For many credit card users, interchange fees are a large part of what makes their financial world go round. Think about it. If you're one of those lucky (or responsible) people who don't pay either an annual fee or interest, you're getting an awful lot of services entirely for free.
Credit card use for free
You're not paying for the free loan from the transaction date until the settlement date. You're not paying for all the consumer protections your credit card gives you. You're not paying for the production or mailing either of it or the monthly statements you receive. You're not paying for the goodies your rewards credit cards give you, nor the perks your card delivers, nor the overheads of running your credit card companies.

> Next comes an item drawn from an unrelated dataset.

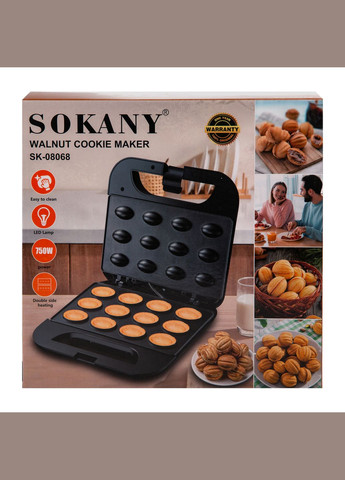 Горішниця електрична SK-08068 з антипригарним покриттям на 12 горішків, Sokany (328604279)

But somebody is. Generally speaking, card issuers have just three main sources of income:
- Annual fees, usually paid by those who want special perks from their cards (for instance, privileges at airports) or who have too low a credit score to qualify for a card that doesn't charge such fees.
- Interest, paid at currently high credit card rates, by those who can't settle their accounts in full at the end of each billing cycle. You can also add into this category penalty fees paid for going over your limit or for making late payments.
- Interchange fees, nominally paid by merchants, but, arguably, a cost passed on to all customers in the form of higher prices. Some estimates suggest that interchange fees are costing U.S. merchants (or their customers) $50 billion a year.